Web page caption snippets
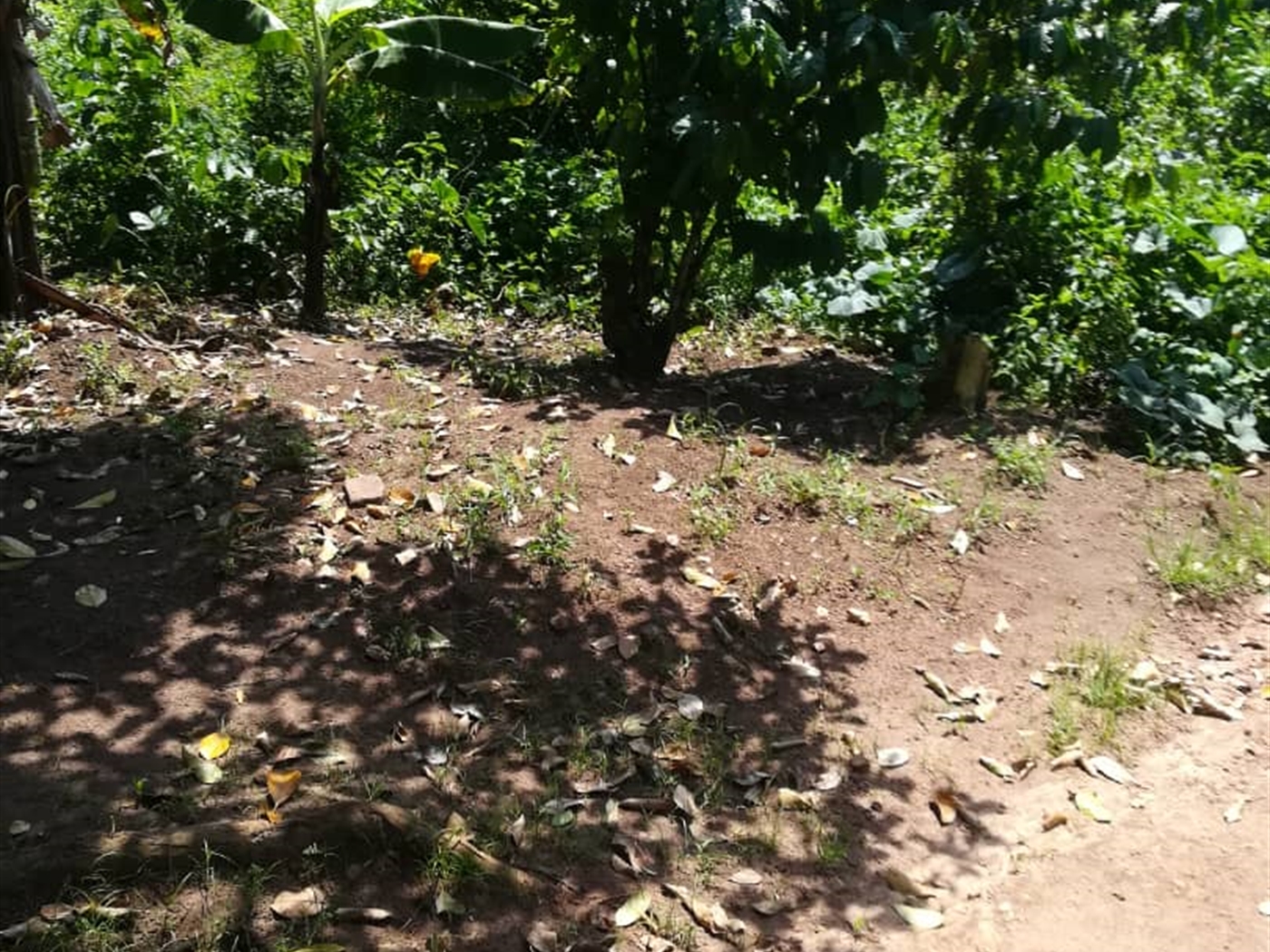 Residential Land for sale in Namuyenje Mukono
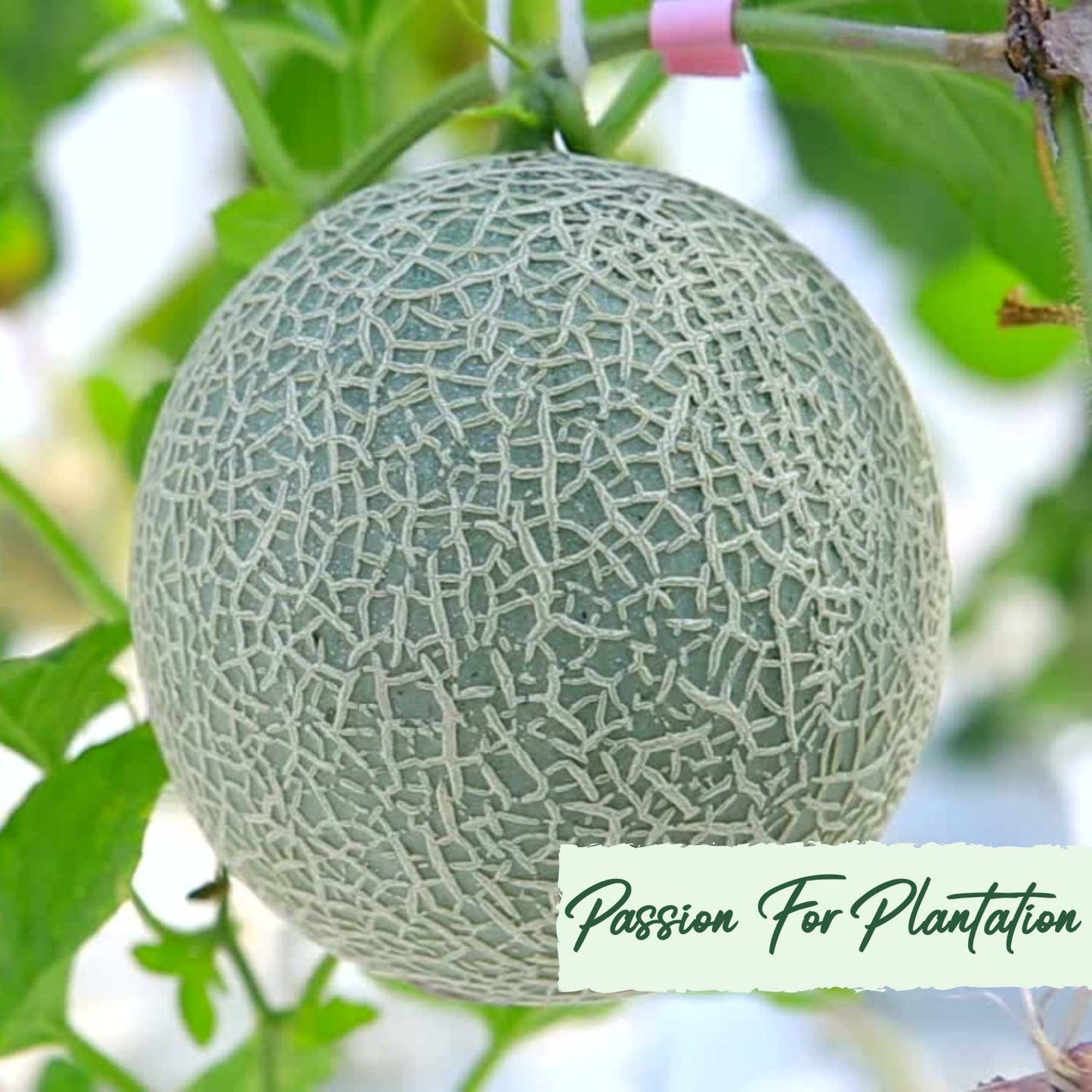 20Pcs Yubari Phoenix Emperor Melon Fruit Seeds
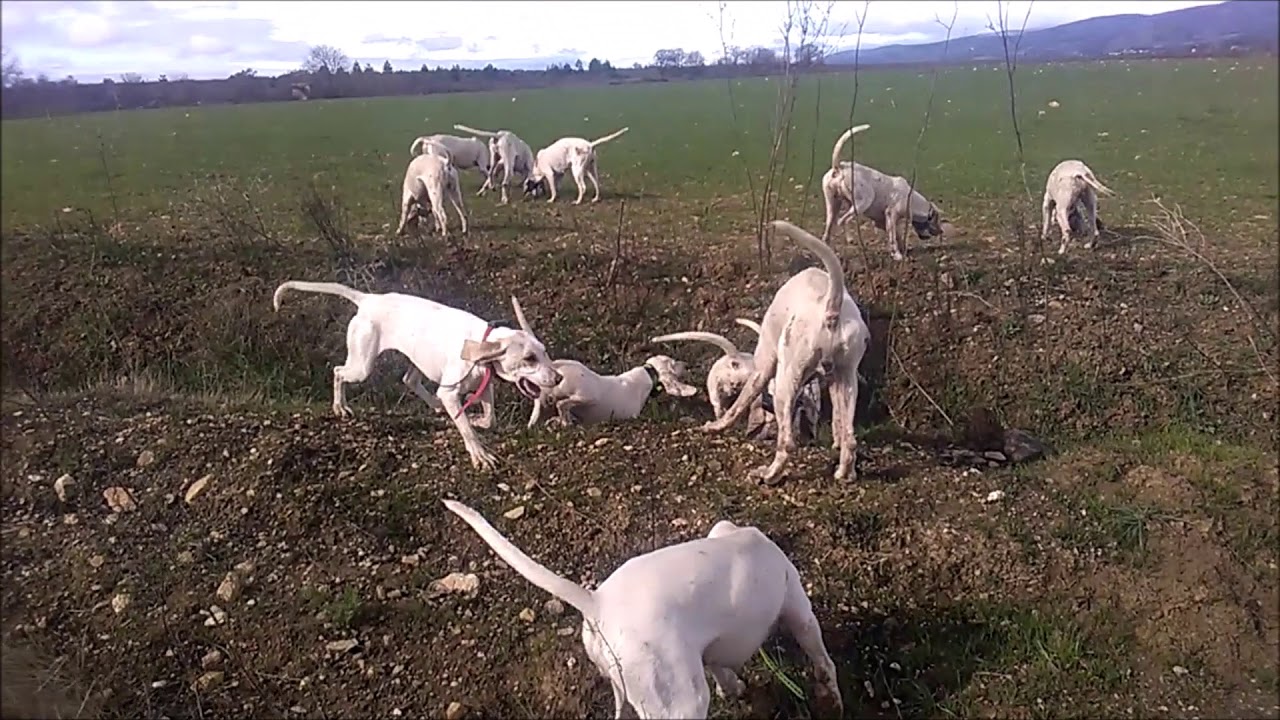 Super chasse des Hurleurs du Minervois avec un beau lancer !!!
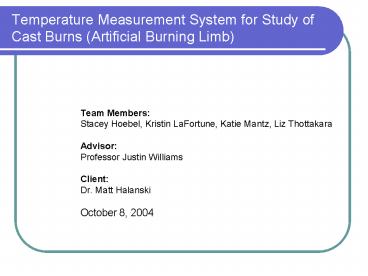 Temperature Measurement System for Study of Cast Burns Artificial Burning Limb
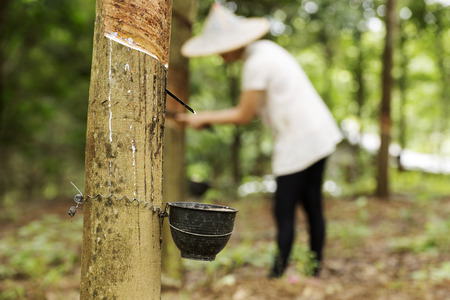 tapping latex from the rubber tree Woman worker backgroundの写真素材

Problem statement
The final stretch of the data, from the line with "Temperature Measurement System" through its last line, is to be retyped exactly; pictures are not part of the copy.

Solution to this exercise
 Temperature Measurement System for Study of Cast Burns Artificial Burning Limb
 tapping latex from the rubber tree Woman worker backgroundの写真素材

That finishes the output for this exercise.